Now, when we pass health insurance reform, insurance companies will no longer be able to place some arbitrary cap on the amount of coverage you can receive in a given year or a lifetime. And we will place a limit on how much you can be charged for out-of-pocket expenses, because no one in America should go broke because they get sick. " (Applause.)

No Death Panels

"The rumor that's been circulating a lot lately is this idea that somehow the House of Representatives voted for "death panels" that will basically pull the plug on grandma because we've decided that we don't -- it's too expensive to let her live anymore. (Laughter.) And there are various -- there are some variations on this theme.

It turns out that I guess this arose out of a provision in one of the House bills that allowed Medicare to reimburse people for consultations about end-of-life care, setting up living wills, the availability of hospice, et cetera. So the intention of the members of Congress was to give people more information so that they could handle issues of end-of-life care when they're ready, on their own terms. It wasn't forcing anybody to do anything. This is I guess where the rumor came from.

The irony is that actually one of the chief sponsors of this bill originally was a Republican -- then House member, now senator, named Johnny Isakson from Georgia -- who very sensibly thought this is something that would expand people's options. And somehow it's gotten spun into this idea of "death panels." I am not in favor of that. So just I want to -- (applause.) I want to clear the air here."

What Healthcare Reform is About

"So this is what reform is about. For all the chatter and the yelling and the shouting and the noise, what you need to know is this: If you don't have health insurance, you will finally have quality, affordable options once we pass reform. (Applause.) If you do have health insurance, we will make sure that no insurance company or government bureaucrat gets between you and the care that you need. And we will do this without adding to our deficit over the next decade..."

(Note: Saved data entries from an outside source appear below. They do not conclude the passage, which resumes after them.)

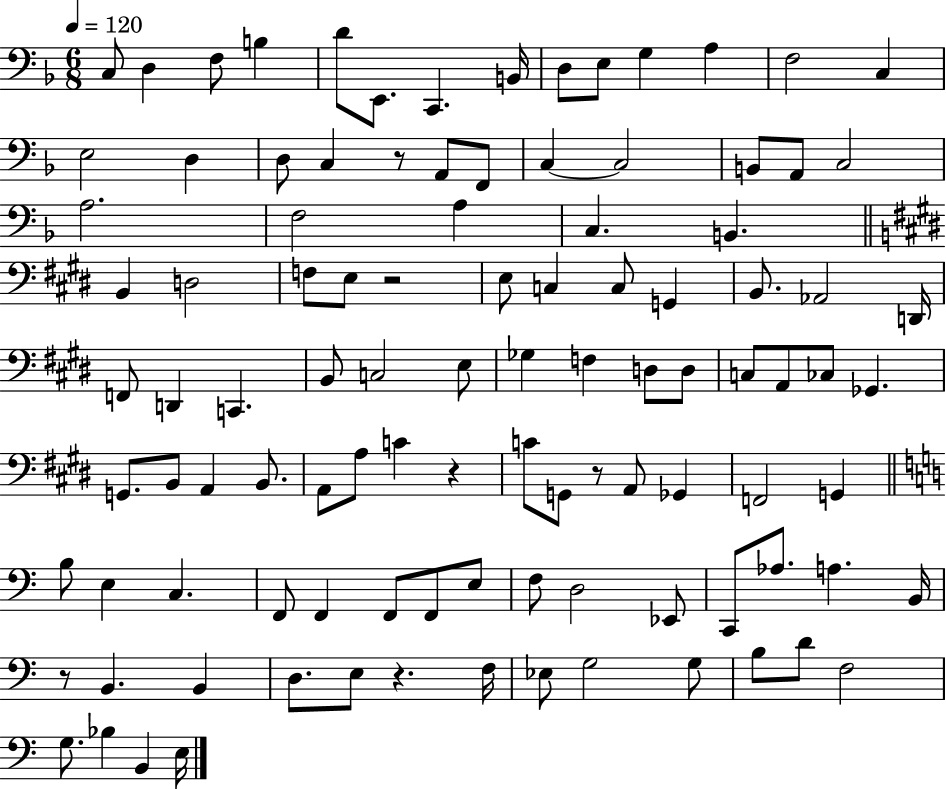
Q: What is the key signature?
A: F major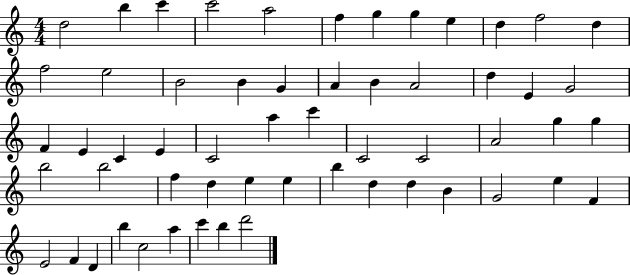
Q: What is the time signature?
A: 4/4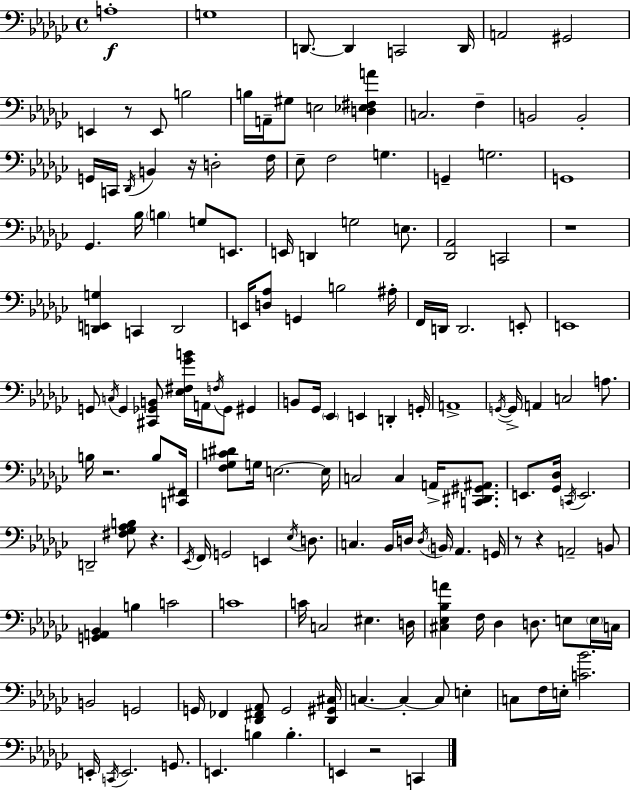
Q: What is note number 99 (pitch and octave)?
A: B3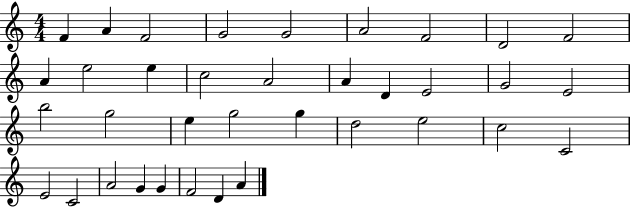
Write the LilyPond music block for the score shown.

{
  \clef treble
  \numericTimeSignature
  \time 4/4
  \key c \major
  f'4 a'4 f'2 | g'2 g'2 | a'2 f'2 | d'2 f'2 | \break a'4 e''2 e''4 | c''2 a'2 | a'4 d'4 e'2 | g'2 e'2 | \break b''2 g''2 | e''4 g''2 g''4 | d''2 e''2 | c''2 c'2 | \break e'2 c'2 | a'2 g'4 g'4 | f'2 d'4 a'4 | \bar "|."
}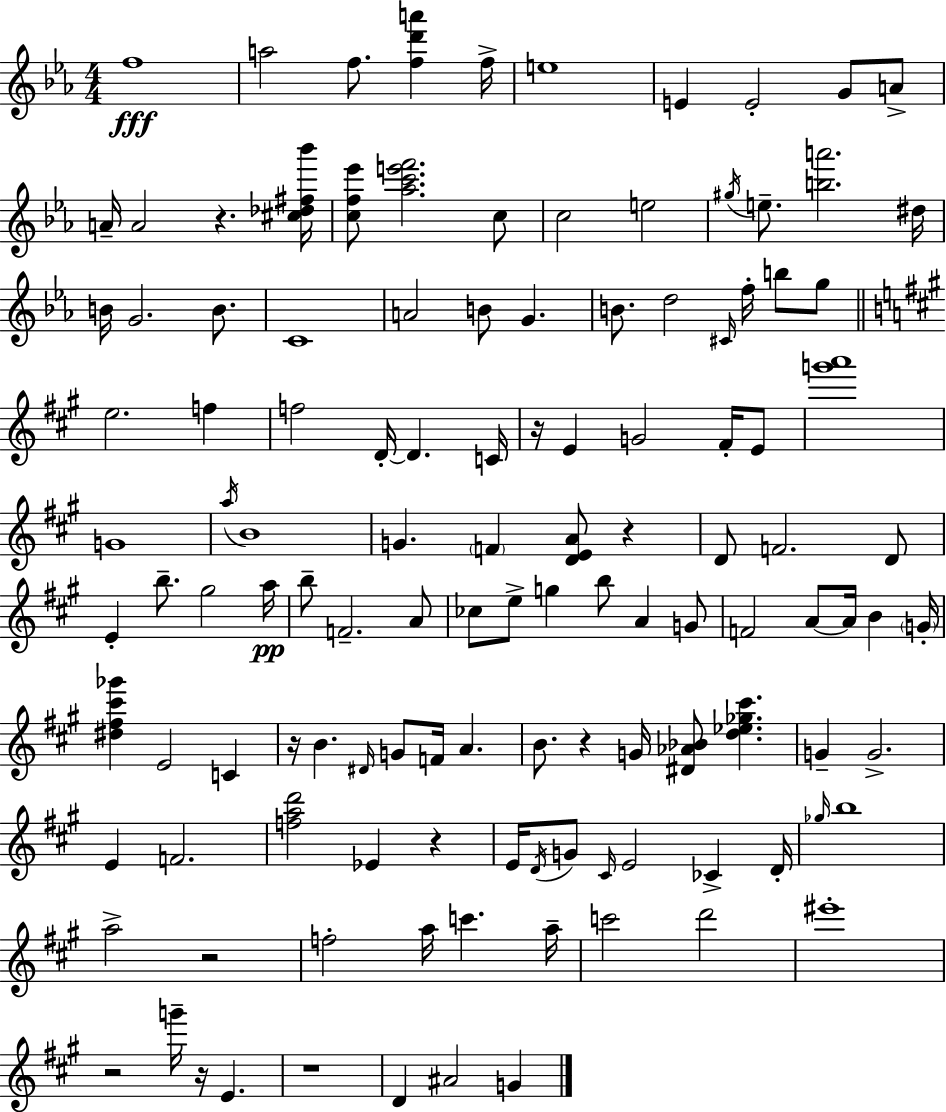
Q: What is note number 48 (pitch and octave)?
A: D4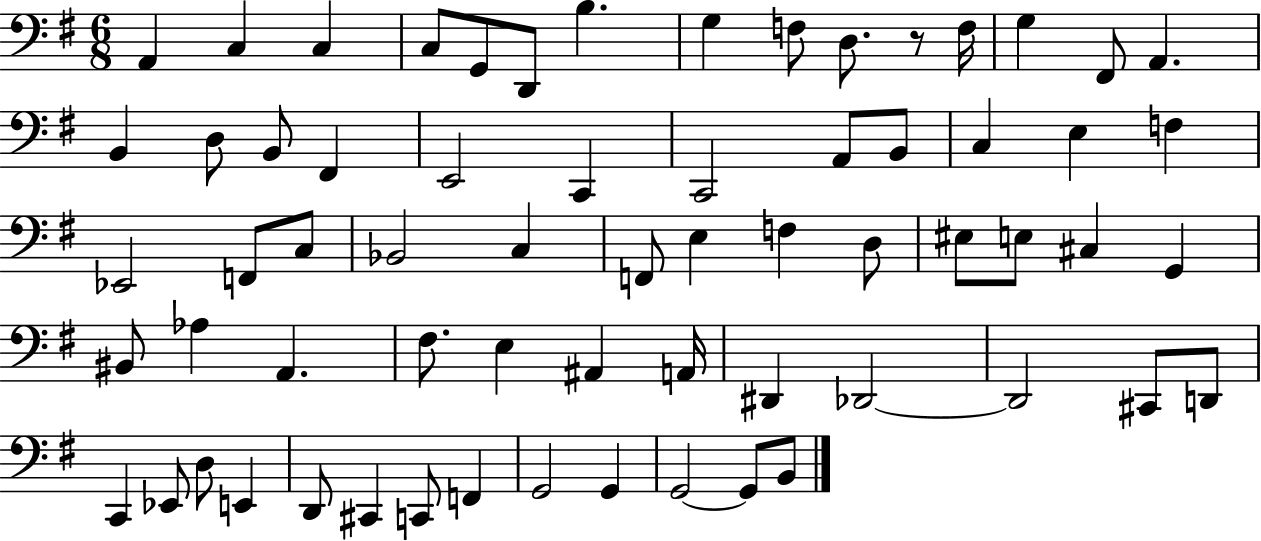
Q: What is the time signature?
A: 6/8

Health Care for the Future

"Our deficit will continue to grow because Medicare and Medicaid are on an unsustainable path. Medicare is slated to go into the red in about eight to 10 years. I don't know if people are aware of that. If I was a senior citizen, the thing I'd be worried about right now is Medicare starts running out of money because we haven't done anything to make sure that we're getting a good bang for our buck when it comes to health care. And insurance companies will continue to profit by discriminating against people for the simple crime of being sick. Now, that's not a future I want for my children. It's not a future that I want for the United States of America."

Sunday, August 09, 2009

The Dreaming Up Daily Quote

“We must take comfort from the fact that human nature gives rise to altruism as well as selfishness, to conscience as well as cruelty. The hope of the race is that passions of generosity, restraint, and goodness may prove as strong as those of egoism, aggression, and cruelty.”